1974 Major League Baseball championship series

The 1974 World Series was the championship series of Major League Baseball's (MLB) 1974 season. The 71st edition of the World Series, it was a best-of-seven playoff played between the American League (AL) champion (and two-time defending World Series champion) Oakland Athletics and the National League (NL) champion Los Angeles Dodgers in the first all-California World Series. The Athletics defeated the Dodgers in five games to win their eighth championship in franchise history, becoming just the second team in MLB history to three-peat as World Series champions, joining the New York Yankees.
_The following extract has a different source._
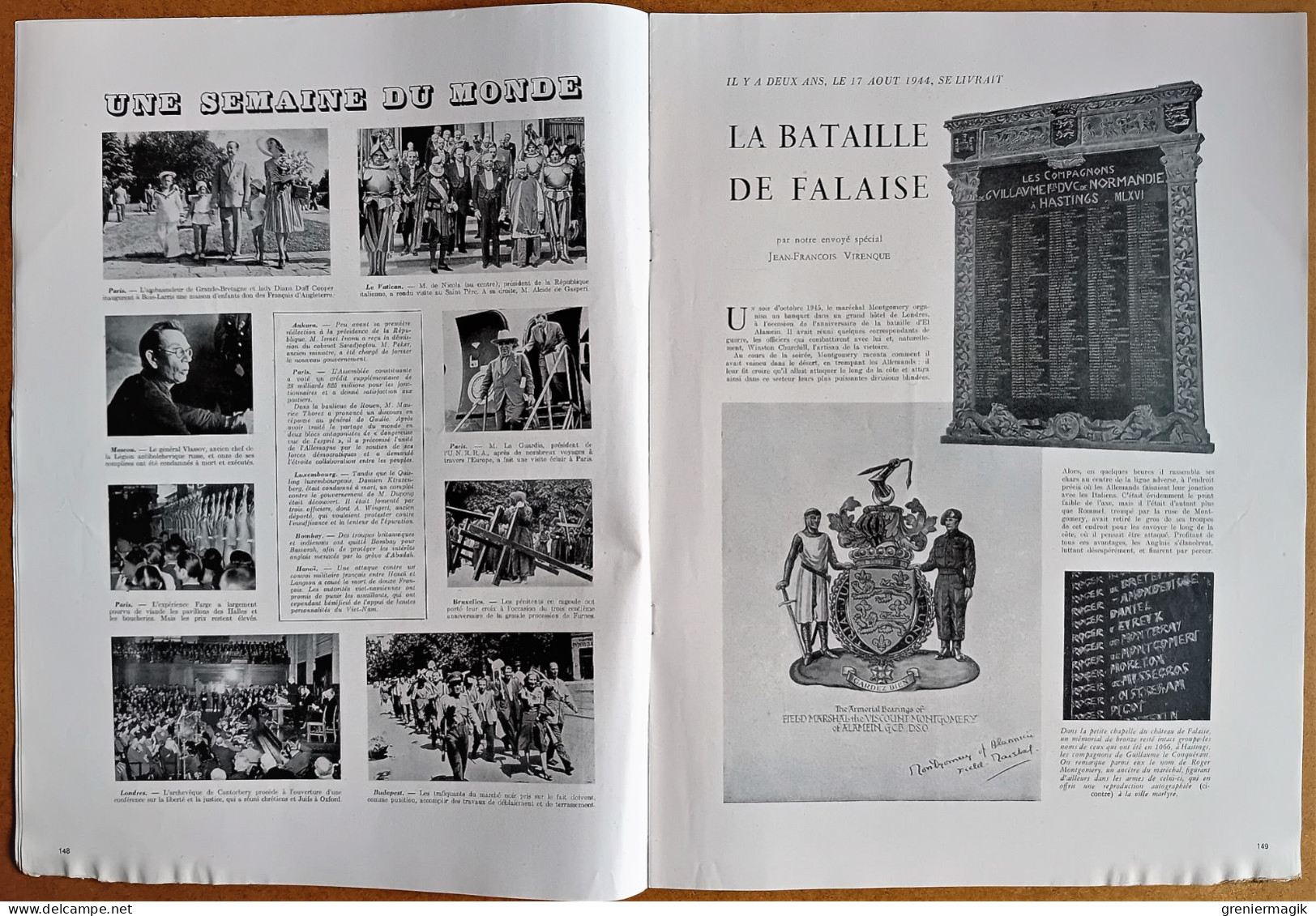 France Illustration N°46 17/08/1946 Bikini/Révolution Bolivie/Australie/Bataille De Falaise/Tour Eiffel/Frances Cabrini - Informaciones Generales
As of 2026, this is the last time the Athletics won the World Series at home.

Rollie Fingers pitched in three of the four Oakland victories, posting a win and two saves, and was honored with the World Series Most Valuable Player Award. Oakland became the first team to win three consecutive Series since the New York Yankees won five straight (1949–1953); the win secured the Athletics' status as one of the truly dominant teams of the 1970s. (The other "team of the decade," the Cincinnati Reds, won consecutive World Series in 1975 and 1976, after falling short in 1970 and 1972.) Since 1974, only the Yankees have won three consecutive titles, having done so in 1998, '99, and 2000.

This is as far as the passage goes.